**GOAL OF THE EXERCISE:** Everything from the line holding "Canne pêche casting" through the last line of the records should be repeated word for word, and pictures should be omitted.

**PROVIDED RECORDS:**
- - - -

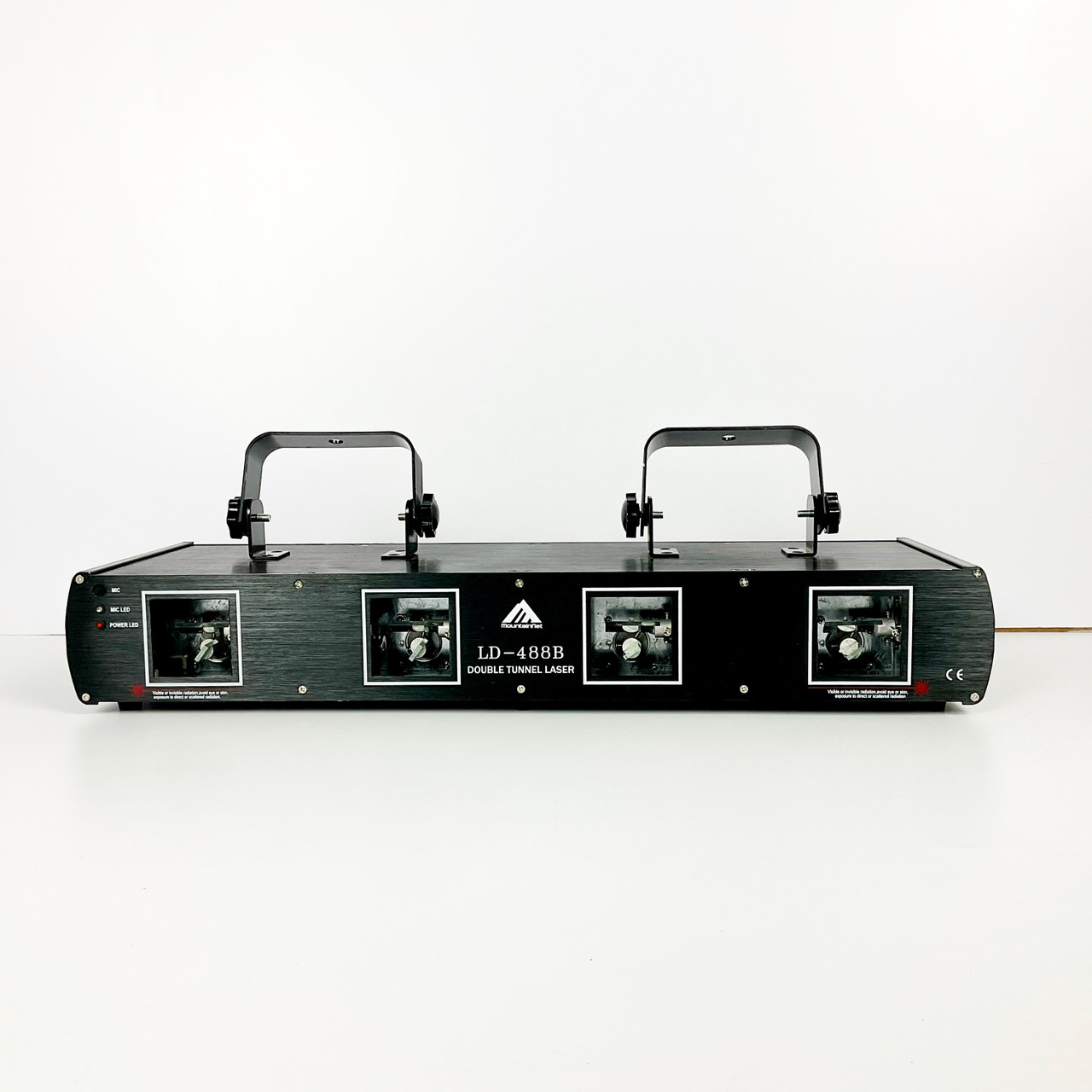 Used MountainNet LD-488B Double Tunnel Laser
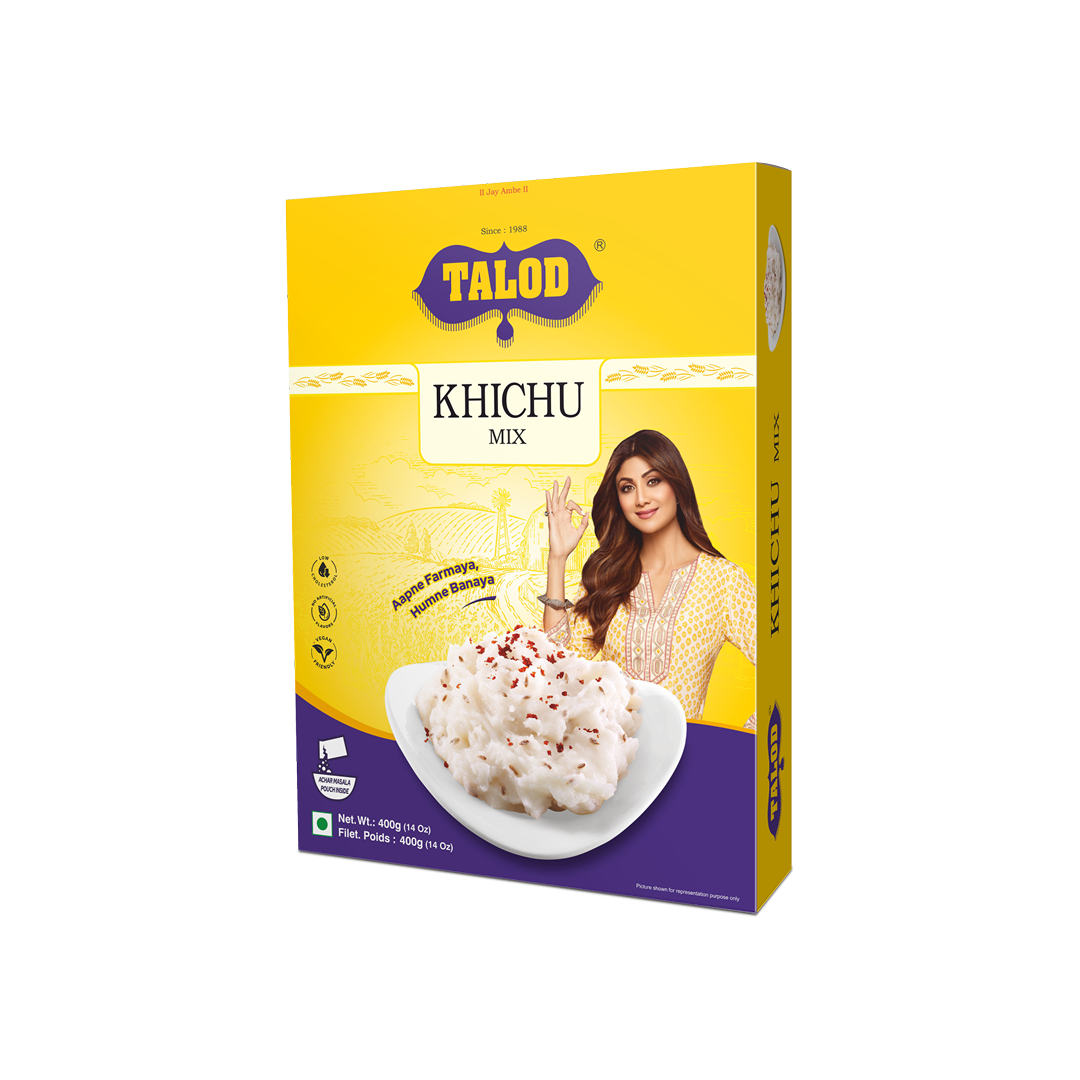 Foram Khichu Mix 400 g
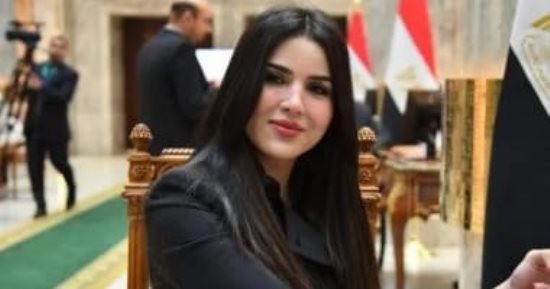 النائبة ريهام أبو الحسن تنضم إلى لجنة العلاقات الخارجية بمجلس النواب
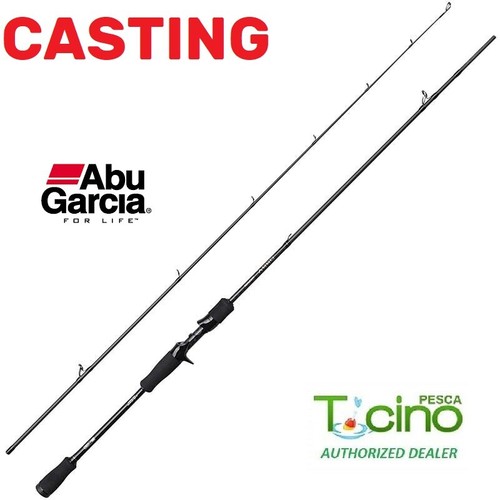 Canne pêche casting abu - À,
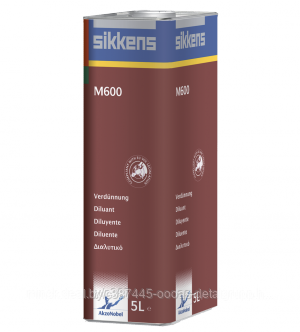 РАСТВОРИТЕЛЬ Sikkens M600 5Л, фото 2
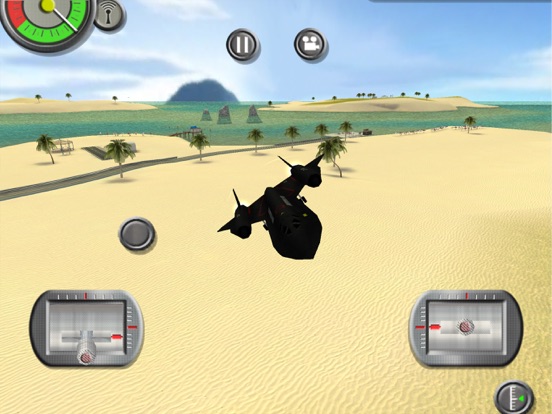 Rc Plane 2 iPad app afbeelding 4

- - - -

**ANSWER:**
 Canne pêche casting abu - À,
 РАСТВОРИТЕЛЬ Sikkens M600 5Л, фото 2
 Rc Plane 2 iPad app afbeelding 4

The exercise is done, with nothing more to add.